**Recorded information:**
........

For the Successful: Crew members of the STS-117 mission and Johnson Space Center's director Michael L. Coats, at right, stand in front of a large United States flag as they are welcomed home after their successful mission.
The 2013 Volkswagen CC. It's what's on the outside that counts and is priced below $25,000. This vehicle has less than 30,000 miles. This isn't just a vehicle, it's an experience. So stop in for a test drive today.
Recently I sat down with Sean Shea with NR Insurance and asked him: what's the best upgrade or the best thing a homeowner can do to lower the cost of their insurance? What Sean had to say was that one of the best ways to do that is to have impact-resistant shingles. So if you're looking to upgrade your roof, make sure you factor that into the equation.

........

**Exercise directions:** Copy each line of the data exactly, leaving nothing out.

**Output of the exercise:**
For the Successful: Crew members of the STS-117 mission and Johnson Space Center's director Michael L. Coats, at right, stand in front of a large United States flag as they are welcomed home after their successful mission.
The 2013 Volkswagen CC. It's what's on the outside that counts and is priced below $25,000. This vehicle has less than 30,000 miles. This isn't just a vehicle, it's an experience. So stop in for a test drive today.
Recently I sat down with Sean Shea with NR Insurance and asked him: what's the best upgrade or the best thing a homeowner can do to lower the cost of their insurance? What Sean had to say was that one of the best ways to do that is to have impact-resistant shingles. So if you're looking to upgrade your roof, make sure you factor that into the equation.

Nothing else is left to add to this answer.